Exercise material ::
________________________________________

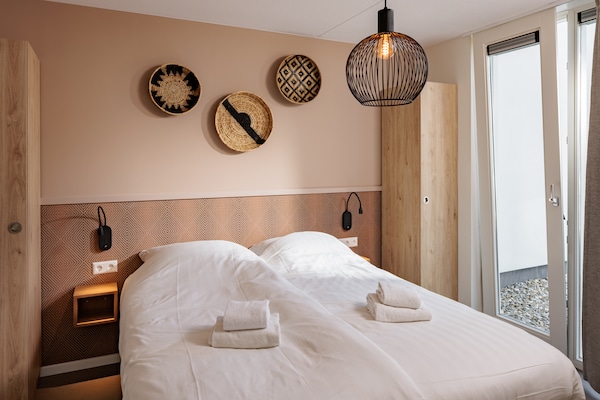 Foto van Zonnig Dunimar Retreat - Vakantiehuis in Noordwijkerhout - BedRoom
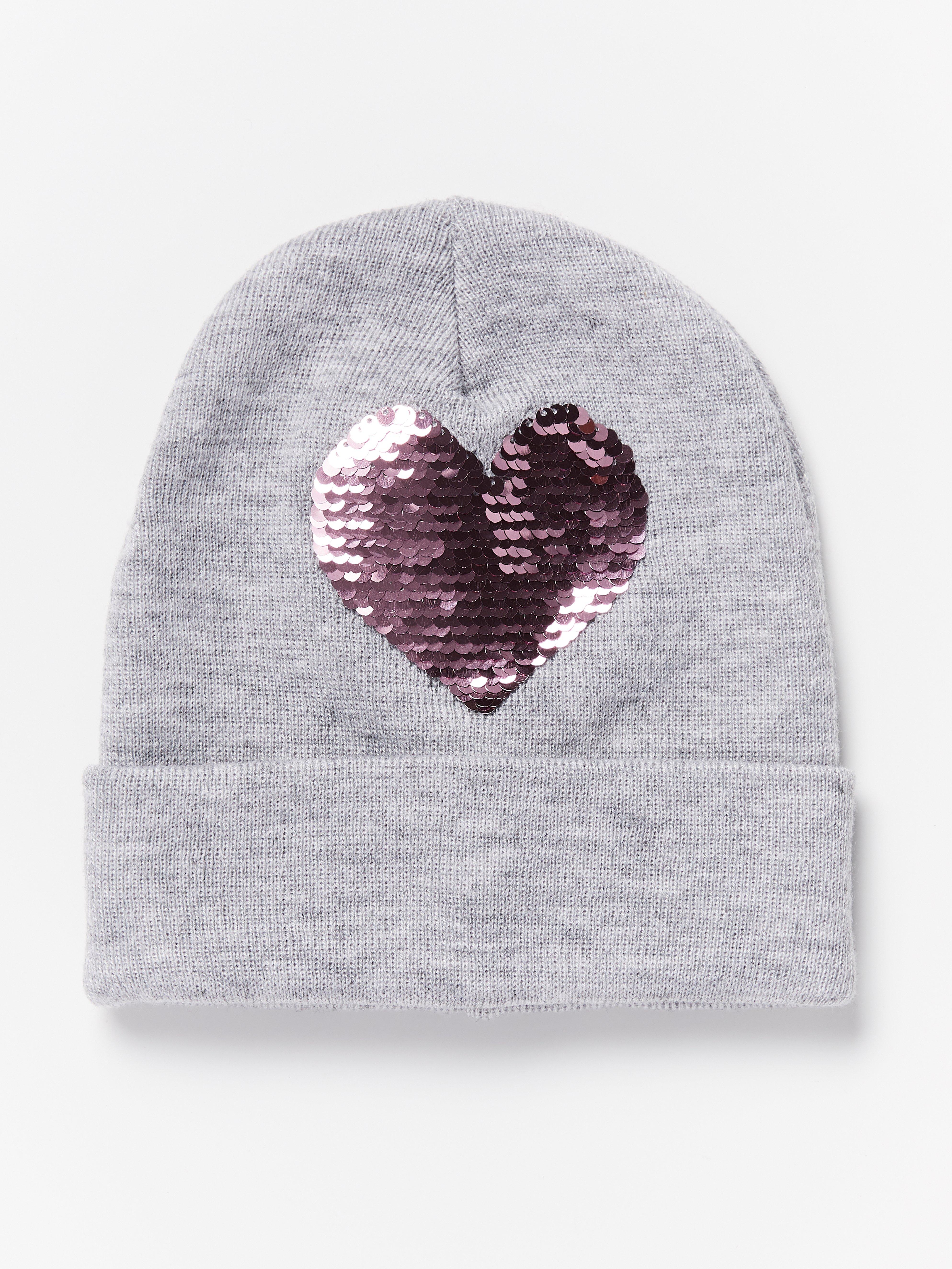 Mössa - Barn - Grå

________________________________________

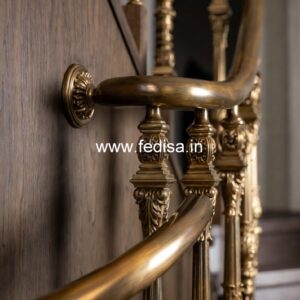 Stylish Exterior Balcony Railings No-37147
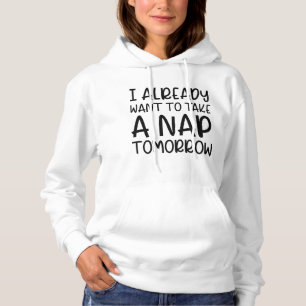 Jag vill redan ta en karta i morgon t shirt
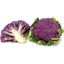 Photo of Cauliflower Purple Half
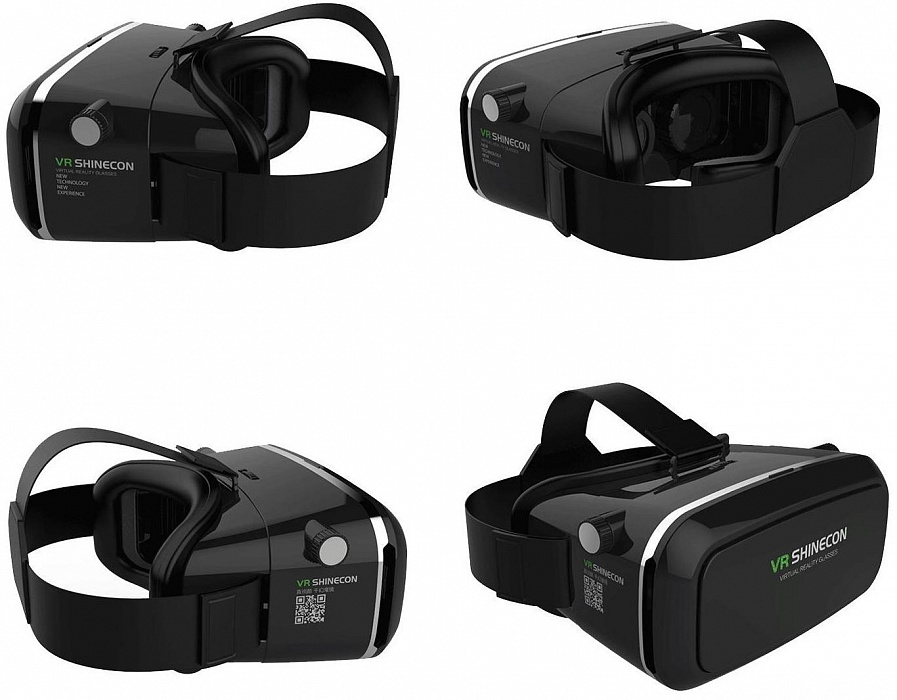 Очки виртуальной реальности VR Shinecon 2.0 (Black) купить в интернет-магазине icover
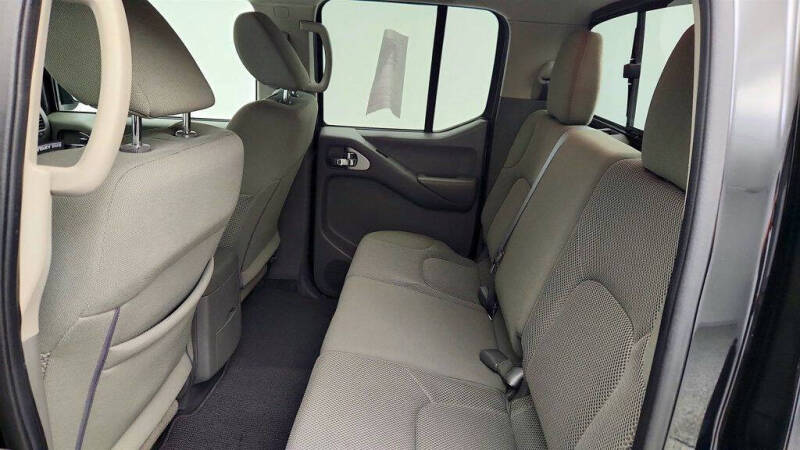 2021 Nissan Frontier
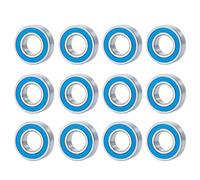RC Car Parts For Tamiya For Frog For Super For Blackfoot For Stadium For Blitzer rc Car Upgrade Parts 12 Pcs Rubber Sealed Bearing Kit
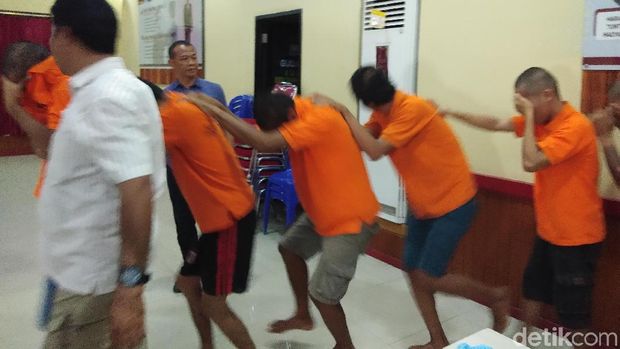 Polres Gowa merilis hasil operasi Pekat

________________________________________

What you have to do :: What belongs in the answer is each line above from the line with "Stylish Exterior Balcony Railings No-37147" to the line with "Polres Gowa merilis hasil operasi Pekat", inclusive, reproduced exactly and free of pictures.

Result ::
 Stylish Exterior Balcony Railings No-37147
 Jag vill redan ta en karta i morgon t shirt
 Photo of Cauliflower Purple Half
 Очки виртуальной реальности VR Shinecon 2.0 (Black) купить в интернет-магазине icover
 2021 Nissan Frontier
RC Car Parts For Tamiya For Frog For Super For Blackfoot For Stadium For Blitzer rc Car Upgrade Parts 12 Pcs Rubber Sealed Bearing Kit
 Polres Gowa merilis hasil operasi Pekat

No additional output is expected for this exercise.